TASK STATEMENT:
Repeat the span of the entries below that starts at the line with "2426 100 Human" and ends at the line with "Mandala Art A4", nothing more. Skip the pictures.

AVAILABLE DATA:
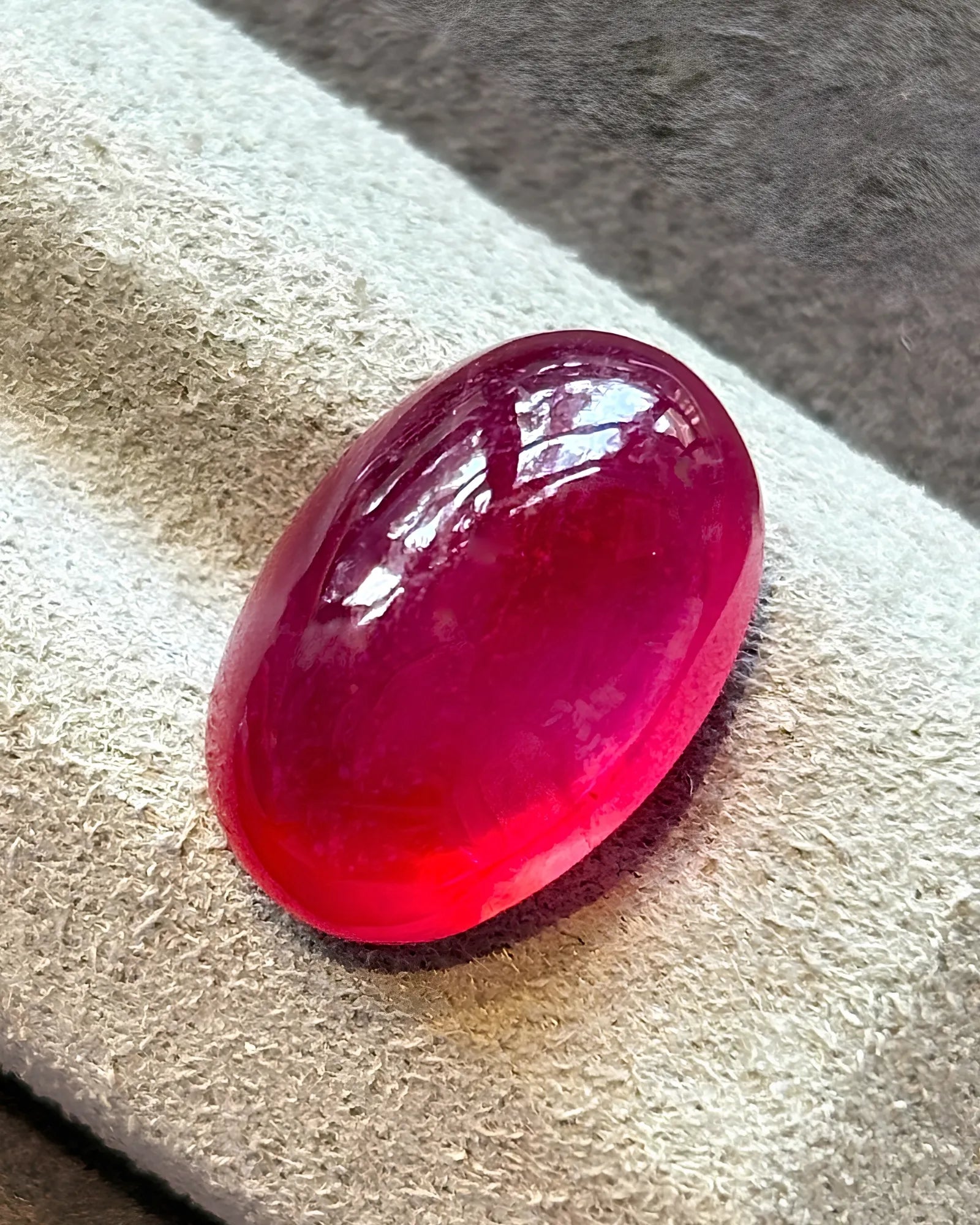 11.24ct Natural Ruby oval cabochon alternate angle | SARATTI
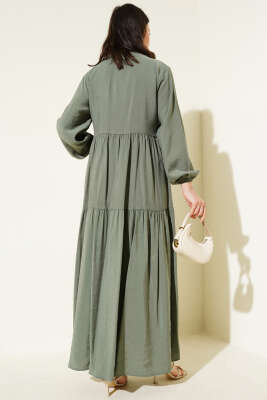 Düğmeli Kat Kat Tensel Elbise Haki - Tesettür Elbise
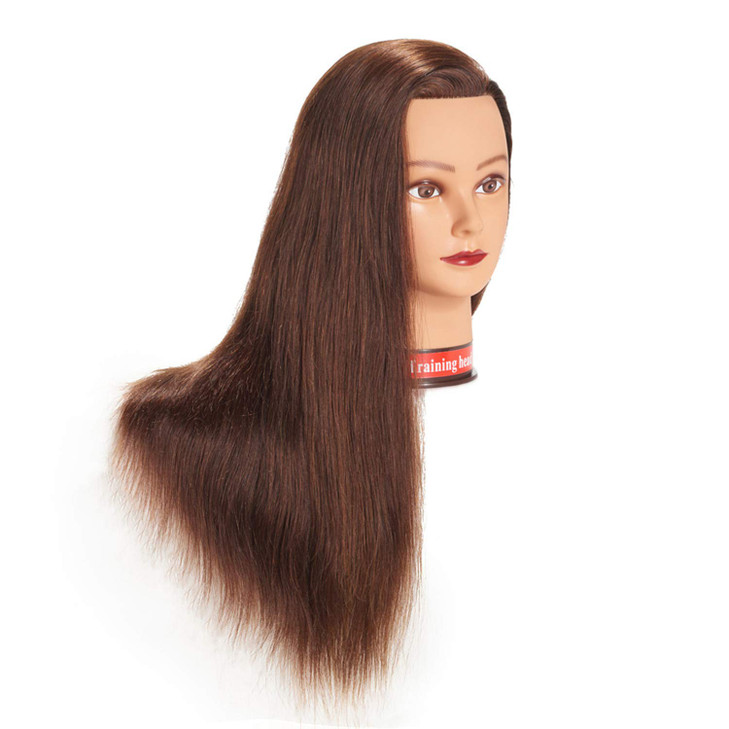 2426 100 Human hair Mannequin head Training Head Cosmetology Manikin Head Doll Head with free Clamp Dark Brown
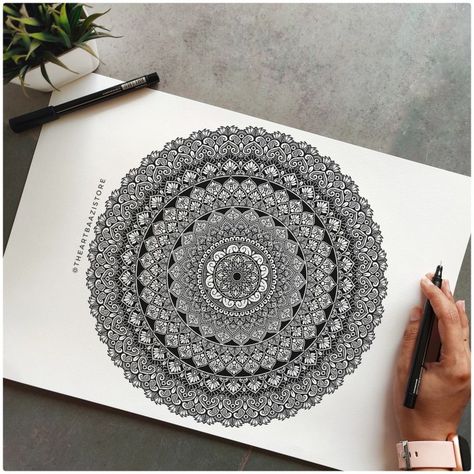 Mandala Art A4 Mandala Art, Mandala Art With Measurements, A4 Size Mandala Art, Mandala Art On A3 Sheet, Mandala Artwork With Quotes, Sheet Drawing, Art Learning, Fineliner Pens, Learning Materials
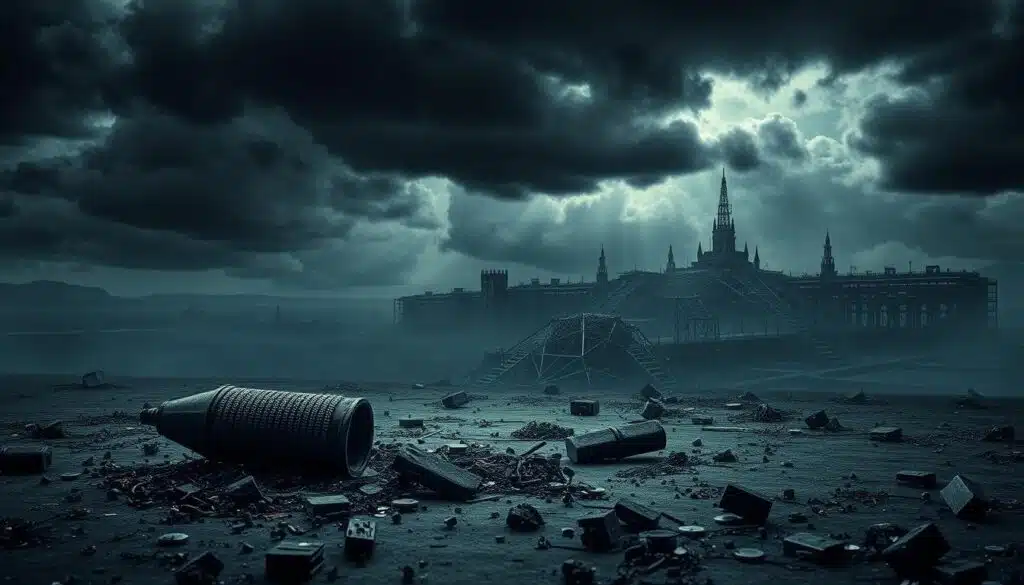 A stark, dystopian scene depicting the aftermath of a 51% attack on a blockchain network. In the foreground, a hacked blockchain node lies shattered, surrounded by scattered digital detritus. The middle ground features a tangled web of corrupted transaction data, visualized as glitching, fragmented digital ledgers. In the distant background, a once-vibrant blockchain infrastructure has collapsed, rendered inoperative by the devastating attack. Ominous clouds loom overhead, casting an eerie, foreboding tone. The lighting is dramatic, with hard shadows and moody chiaroscuro effects, heightening the sense of chaos and disruption. The overall composition conveys the profound impact of a successful 51% attack on the integrity and resilience of a blockchain system.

RESPONSE:
 2426 100 Human hair Mannequin head Training Head Cosmetology Manikin Head Doll Head with free Clamp Dark Brown
 Mandala Art A4 Mandala Art, Mandala Art With Measurements, A4 Size Mandala Art, Mandala Art On A3 Sheet, Mandala Artwork With Quotes, Sheet Drawing, Art Learning, Fineliner Pens, Learning Materials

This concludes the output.